→ **Required work**: Nothing but the lines below from the one holding "NO:347854,L-home RUN AWAY" up to and including the one holding "Hoofdafbeelding Mercedes-Benz EQB" should be copied, exactly and without pictures.

→ **Extracted information**:
◇ ◇ ◇ ◇
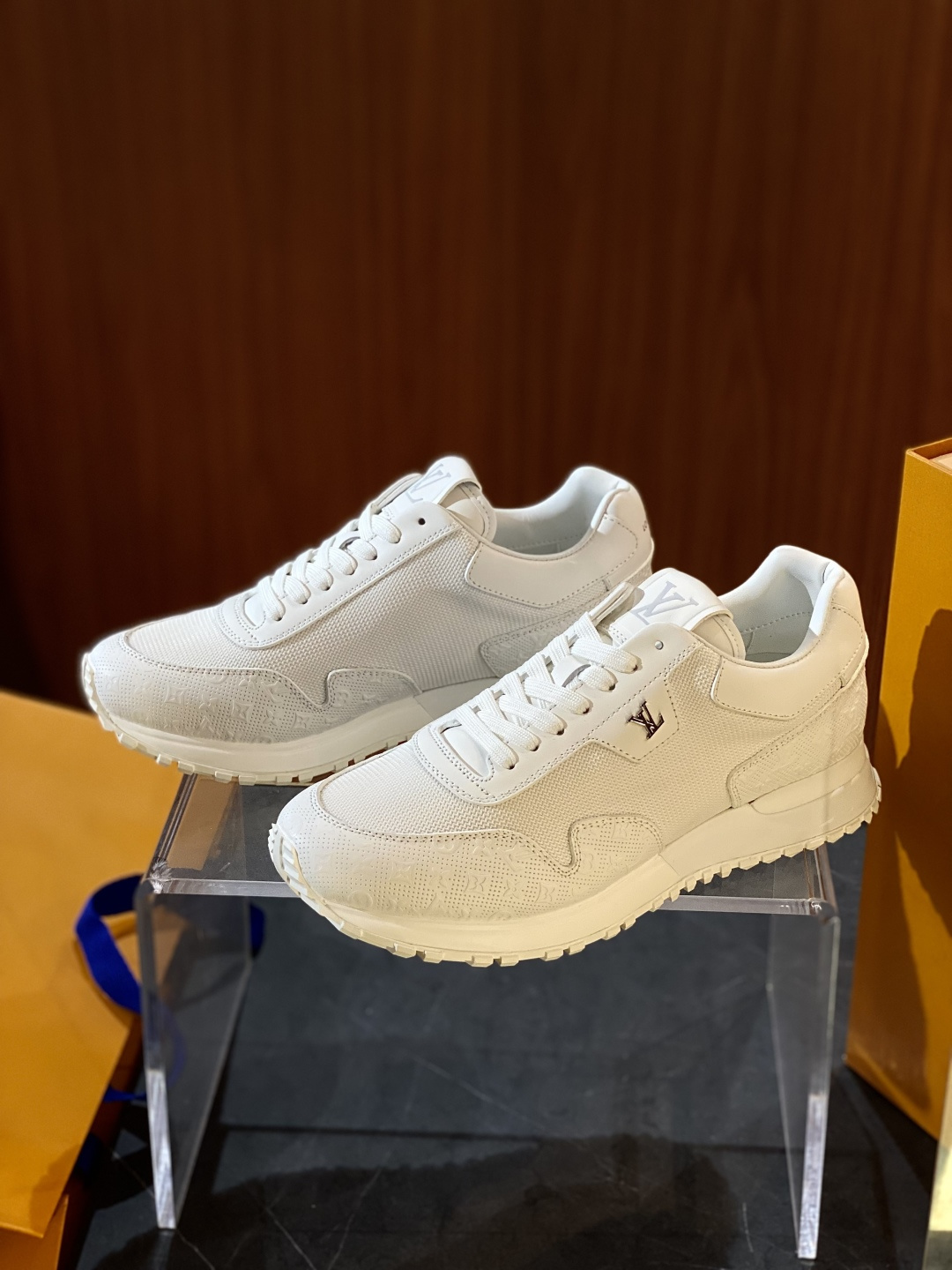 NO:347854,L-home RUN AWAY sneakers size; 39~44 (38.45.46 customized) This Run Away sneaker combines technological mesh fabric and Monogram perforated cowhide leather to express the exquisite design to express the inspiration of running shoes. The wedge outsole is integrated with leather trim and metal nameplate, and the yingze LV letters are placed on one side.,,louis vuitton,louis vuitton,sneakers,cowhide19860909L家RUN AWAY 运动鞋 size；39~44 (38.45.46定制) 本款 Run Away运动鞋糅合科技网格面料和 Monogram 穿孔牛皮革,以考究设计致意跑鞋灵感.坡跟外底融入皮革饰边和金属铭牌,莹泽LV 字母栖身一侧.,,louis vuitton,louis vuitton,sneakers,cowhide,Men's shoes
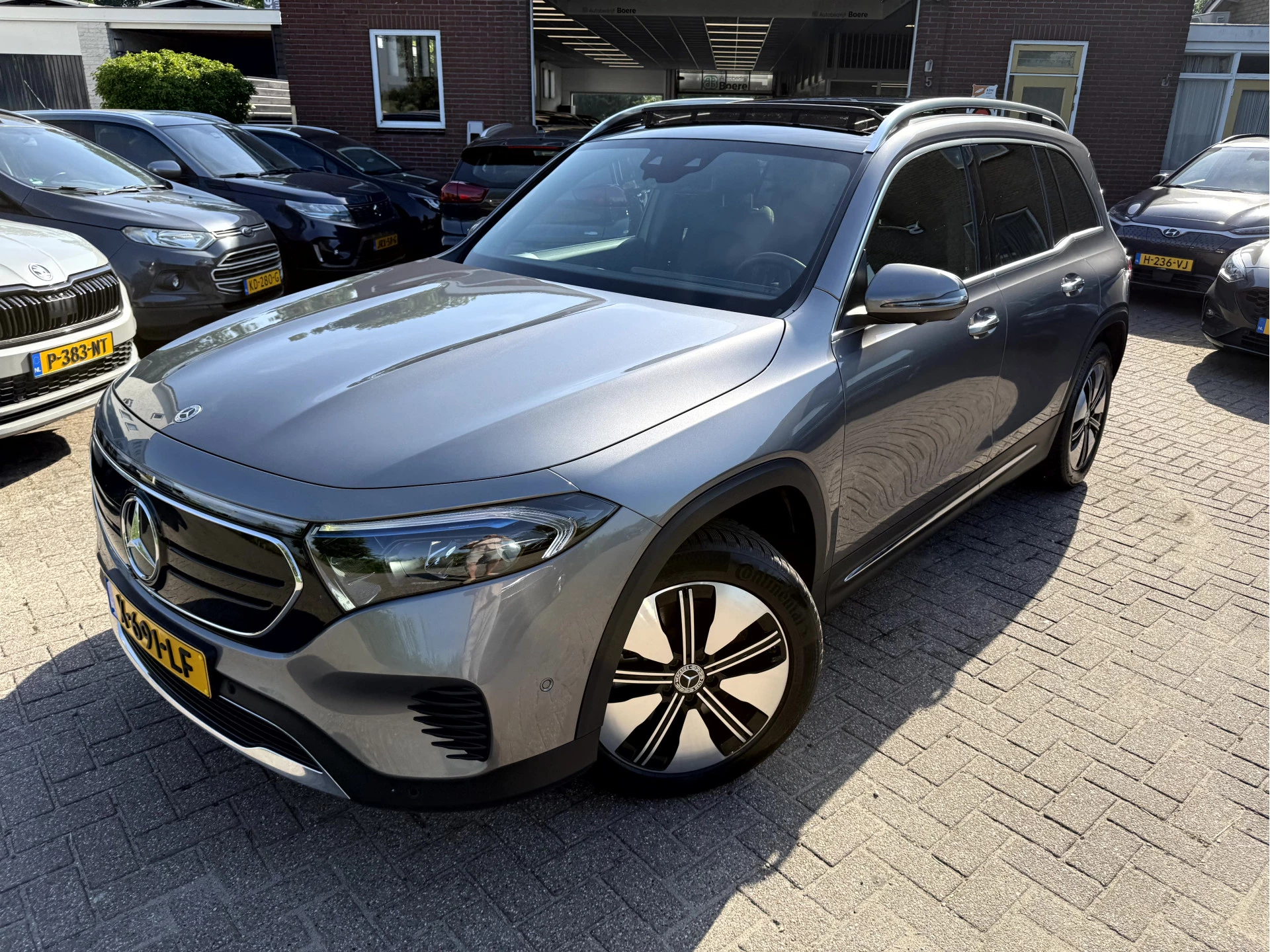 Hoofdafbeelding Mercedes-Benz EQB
◇ ◇ ◇ ◇
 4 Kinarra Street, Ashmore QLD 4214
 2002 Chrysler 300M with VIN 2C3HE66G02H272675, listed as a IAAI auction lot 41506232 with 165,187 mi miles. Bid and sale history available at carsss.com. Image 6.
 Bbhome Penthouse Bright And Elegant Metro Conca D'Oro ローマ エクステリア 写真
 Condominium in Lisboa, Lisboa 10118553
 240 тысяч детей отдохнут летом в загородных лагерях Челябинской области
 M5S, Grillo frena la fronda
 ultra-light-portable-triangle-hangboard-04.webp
◇ ◇ ◇ ◇
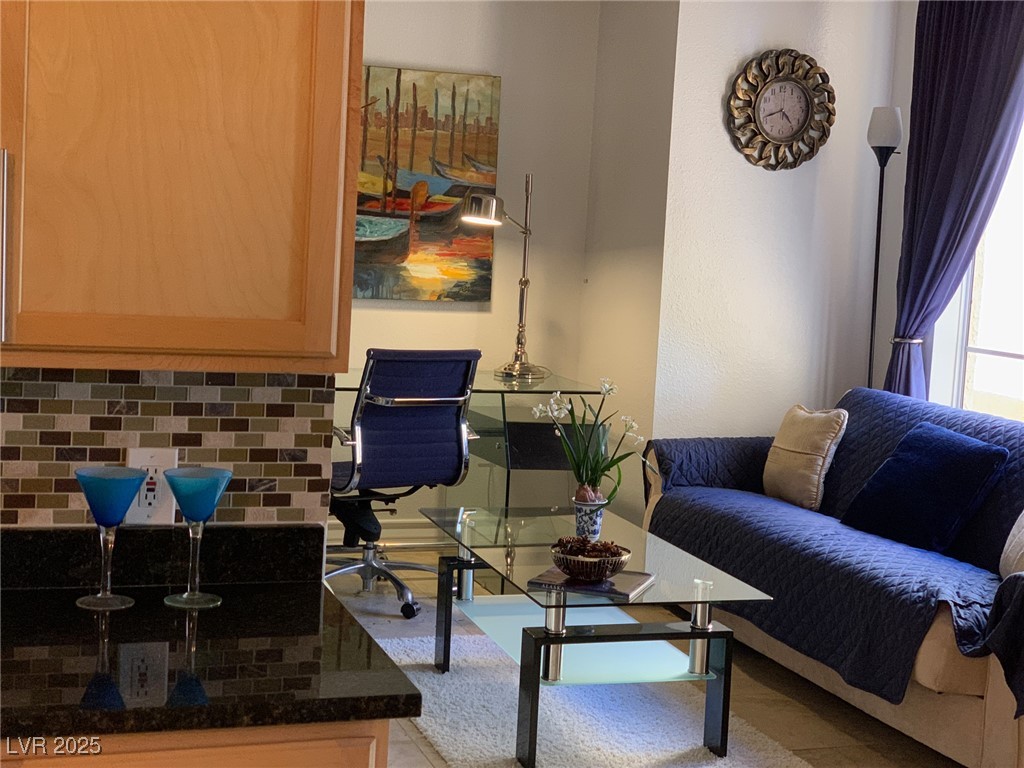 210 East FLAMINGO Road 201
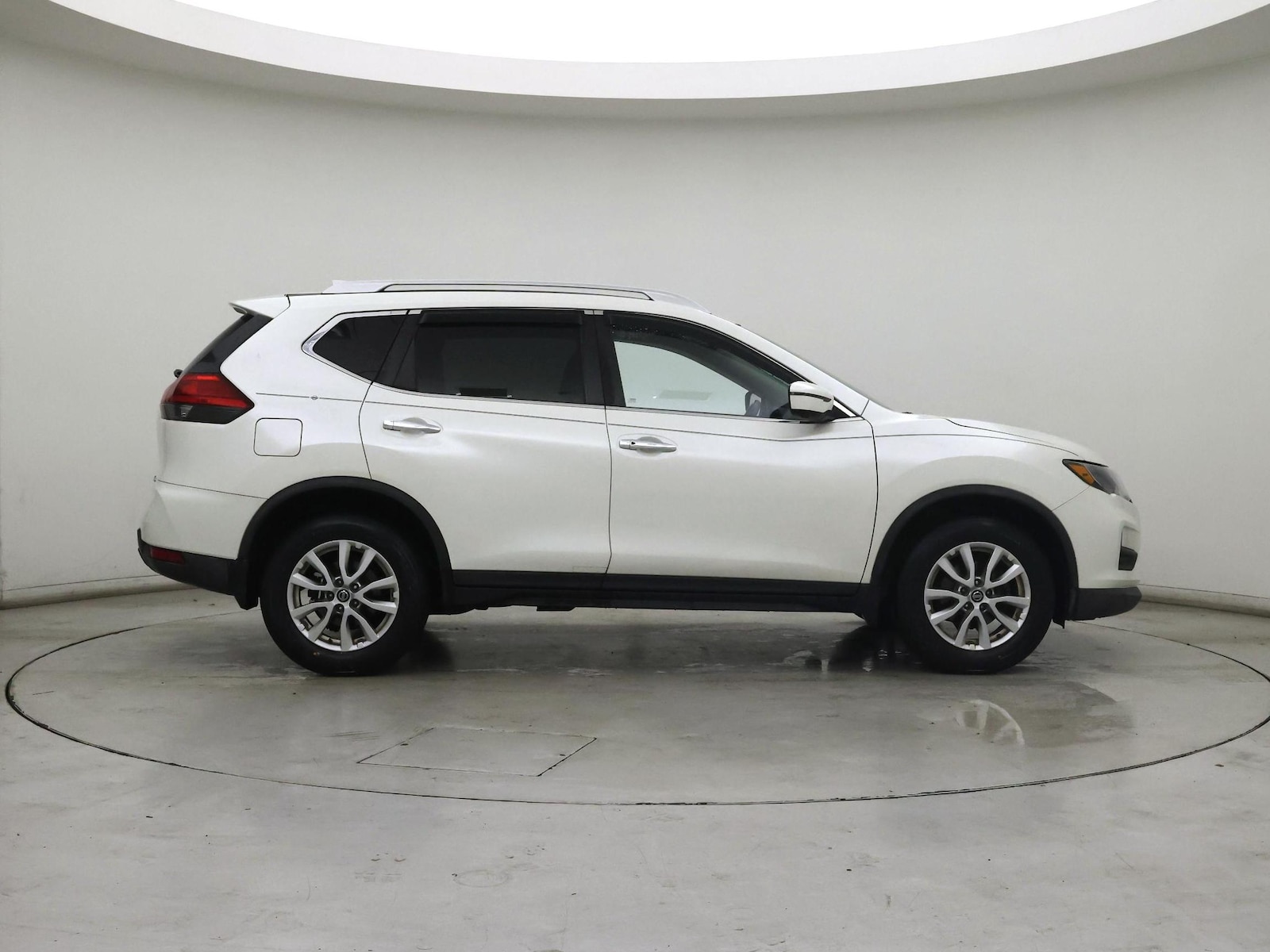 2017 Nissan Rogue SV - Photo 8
◇ ◇ ◇ ◇
→ **Solved exercise**:
 NO:347854,L-home RUN AWAY sneakers size; 39~44 (38.45.46 customized) This Run Away sneaker combines technological mesh fabric and Monogram perforated cowhide leather to express the exquisite design to express the inspiration of running shoes. The wedge outsole is integrated with leather trim and metal nameplate, and the yingze LV letters are placed on one side.,,louis vuitton,louis vuitton,sneakers,cowhide19860909L家RUN AWAY 运动鞋 size；39~44 (38.45.46定制) 本款 Run Away运动鞋糅合科技网格面料和 Monogram 穿孔牛皮革,以考究设计致意跑鞋灵感.坡跟外底融入皮革饰边和金属铭牌,莹泽LV 字母栖身一侧.,,louis vuitton,louis vuitton,sneakers,cowhide,Men's shoes
 Hoofdafbeelding Mercedes-Benz EQB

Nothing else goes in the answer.